I have been doing alot of reading this past week. I dug up my Old Book of Kung Fu, as I call it and plopped it on the night stand. This is where I kept all my curriculum sheets, notes, clippings and photos of years gone by.
It was kind of fun to go back in time. I kept everything, including my very first hand out sheet from 1999 when I started. I went page by page thru all my belts and all the years. There has been lots of changes over the years. The printed requirements changed, the belts had changed to sashes, the way students were striped had changed, some things went back to the way they were and some of the Forms had a major overhaul,(probably a few of you remember the Da Mu Hsing form of earlier years and the Sashes) it was fun to go back and look at that stuff, like an old photo album.
The Theory questions, however, seemed to always be there in the background. Different formats but always the same theory questions. As a coloured belt, I remember finding the answers writing them up and answering them for my Sifus. Another stripe on the belt.
I looked at them again, those questions, like
- commitment
- the Void
- leadership
- patience, trust and progressing wisely
- truthfulness and purity to the art
They are not words on a page anymore, instead , in the I Ho Chuan, I have been practicing them.
For me, they no longer are questions you put some thought into then explain it to your Sifu and check it off your list. Those theory questions are now embedded and actioned within the I Ho Chuan.
This is where you can explore, experience, demonstrate and put those questions to the test with heart.
Even the Food Blog challenge speaks to our anatomy/physiology theory question. In the I Ho Chuan, after tracking your food, I found myself thinking of the effect it has on your health and your output as a martial artist. How you are fuelling your anatomy.
When it came to the Void, for me, probably the closest was the Demonstration at the Seniors Facility, something clicked there that day for me, just you and your weapon in that moment.
Of course Commitment, every day in the I Ho Chuan bleeds commitment! but I mean that in a good way. Too often, like a cheezy New Years Resolution, the commitment fades away unnoticed. You live Commitment as a I Ho Chuan member. Commitment to your requirements and commitment to your team.
Leadership for me was in the background , admittedly. I found some creative, ambitious people emerging in the group. Group discussions were vibrant and engaged, I never felt "not included" so I suppose I didn't feel the need to take the reigns so to speak. (speaking to the last part of the year, I don't think anyone got the leadership capacity till then) . As far as Leadership goes, I think we have some real successes this year.
Patience, trust and progressing wisely, that one I did not take advantage of enough. Sometimes I was not patient enough with myself. If my weapon form was not where I wanted it, I lost patience and lost out on creativity as a result. On the other hand , I trusted the insight of my peers and coaches to unlock some walls I was hitting with my Sai form.
Truthfulness and Purity to the Art- where did that fit in?

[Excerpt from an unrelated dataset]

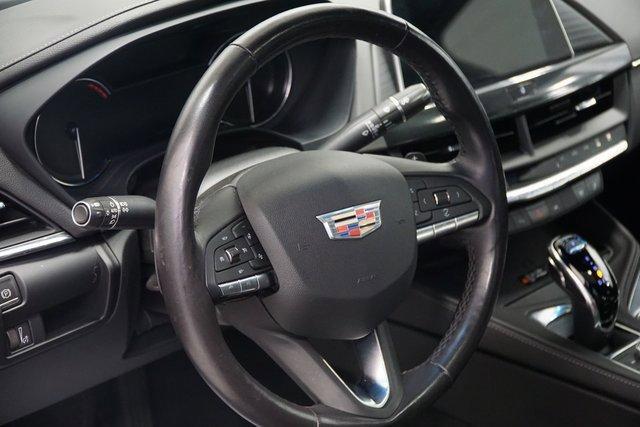 used 2023 Cadillac CT4 car, priced at $30,995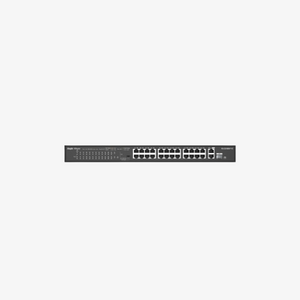 Ruijie RG-ES126S-P V2 24-Port with 2-Port Gigabit Rackmount PoE Switch Dubai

There were days when I had enough, I had other things piling up and sometimes just tired of being at the Kwoon but the commitment brought me there and I would ask myself "why, why are you doing this? no one is holding a gun to your head, what makes me come here all the time?" What are my reasons for being a student of the martial arts?
Because there is something more, because there is something to the Art. After the hard work, its like a cleansing, like you can think clearly about other life questions and challenges., like you are recharged again and able to deal with the "outside " world. Its not about feeding the ego its about nourishing the soul.
So as I read through my binder, these were some of the thoughts I had about the Evolution of the new I Ho Chuan.
Its only in its infancy but its like it was always there, in the pages of Silent River Kung Fu waiting to sprout.
Sorry for the long blog, for anyone who has made it to the end!